Generation Game Changer
As the market for embedded generation evolves, organisations with onsite generation may need to re-evaluate their approach. Russell Reading, ENGIE's Energy and Renewables Origination Director explains.
The market for embedded generation is changing. Electricity prices are increasingly volatile and revenue streams are under pressure. Many of the benefits and incentives for on-site generators are being removed or adapted. Further changes to balancing services, distribution and transmission network charges and the benefits associated with Triad avoidance are imminent, as Ofgem conducts its significant code review.
A changing environment
The government’s aim in incentivising small-scale generation was to help secure future energy supplies in an increasingly fragmented market. Indeed, these incentives have successfully grown the volume of on-site generation in the UK from 25GW in 2015 to more than 40GW in 2018.
But now, many of the cost-avoidance and charge-reduction benefits are potentially being removed, so businesses with on-site generation need to think differently about how they use their assets. For most businesses, of course, these assets are required first and foremost to fulfil specific operational tasks. Any financial benefits gained from exporting electricity or avoiding peak charges are incidental to that principal purpose. In the new world, businesses will still need their CHP plants for heating, and manufacturers will still need on-site generators for back-up power.
Fresh thinking required
In the absence of cost-reduction and other incentives, businesses will need new strategies to get the most out of their generation assets, above and beyond their operational requirements. That means working out when assets need to be run to fulfil their roles, when they can be used to capitalise on higher market prices for exported energy, or on lower prices on gas to fuel controllable assets. Embedded generation plant can still be a valuable asset in earning extra revenue for a business, or helping operations to run more efficiently, but businesses may need to enlist the help of a trusted specialist energy partner, such as ENGIE, to maximise those benefits.
Optimising on-site generation assets requires an understanding of a business’s energy or heat requirements, of its on-site generation capabilities, and of its attitude to risk. This knowledge and understanding, combined with energy market insights and expertise, can enable informed decisions to be made about when to run generation assets, when to export and when to self-supply.
Balancing controllable and renewable energy assets
Managing the output of generation assets, such as CHP’s and gas-fired plants, is relatively straightforward since these are controllable, fuelled assets. Adding wind turbines, solar panels and other renewable generation plant to the mix creates further complications, since businesses have no control over when the sun shines or when the wind blows.

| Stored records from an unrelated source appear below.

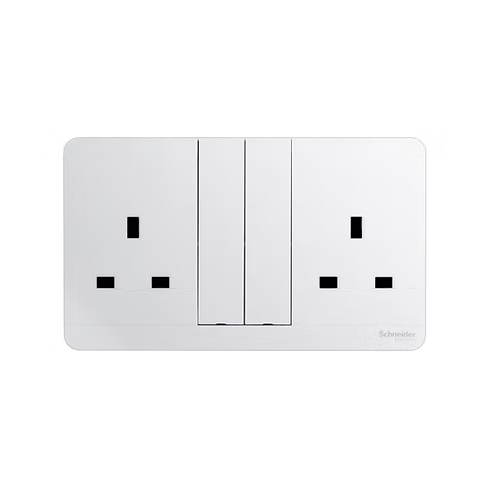 施耐德 AvatarOn 白 13A孖蘇有掣有燈 插座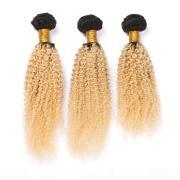 #T 1B/613 Blonde Kinky Curly Dark Root Hair Bundles Remy Human Hair Weft XTHW-229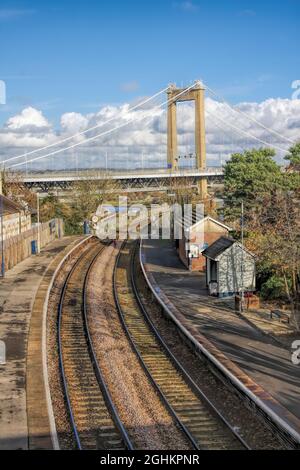Tamar Bridge with railway in Plymouth, Devon, England, UK Stock Photo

One solution is to combine renewable generation assets with battery storage, so that businesses can better control when to use the energy they have generated, taking into account operational needs and prevailing market rates.
For any businesses that don’t yet have on-site generation, but are considering it, now is the time to engage with an energy export specialist for advice on which type of generation plant meets your objectives. Another option, if green power is the main driver, could be to set up a form of corporate power purchase agreement, which establishes a direct supply arrangement between a renewable energy generator and a business. Such agreements enable the business to benefit from renewable energy sourced from a named generator at a fixed fee, while giving the generator a guaranteed buyer for its output. Businesses can even agree such contracts for a proportion of their energy requirements, allowing them to purchase the remainder at market-reflective rates.
Consider the bigger picture
What becomes clear when you start to investigate the opportunities for optimising on-site generation, is that any decisions must take into account operational requirements, energy purchasing contracts, energy management systems, carbon emissions and a host of integrated factors. It means embedded generation and associated power purchase agreements cannot be considered in isolation. A more holistic approach is required, which factors in when and where energy is consumed, how that energy is supplied, and from where it is sourced, and the costs associated with generating and consuming energy.
Looking at the bigger picture means finding ways to manage energy inputs and outputs in the most efficient way, to help save money and reduce carbon emissions. Low-carbon or renewable on-site generation certainly has a key role to play, but it must be considered as part of an integrated approach to business energy management, cost reduction and resource optimisation.
I firmly believe that the days of ‘transactional’ relationships between energy suppliers and businesses, in which energy is simply bought or sold as a commodity, are a thing of the past. Meeting the complex requirements of businesses today requires a partnership approach, in which the needs of the business are considered alongside opportunities for on-site generation, demand management, energy-efficiency optimisation, carbon reduction and revenue generation.
The article was first seen in The Energyst magazine (June/July 2019 edition).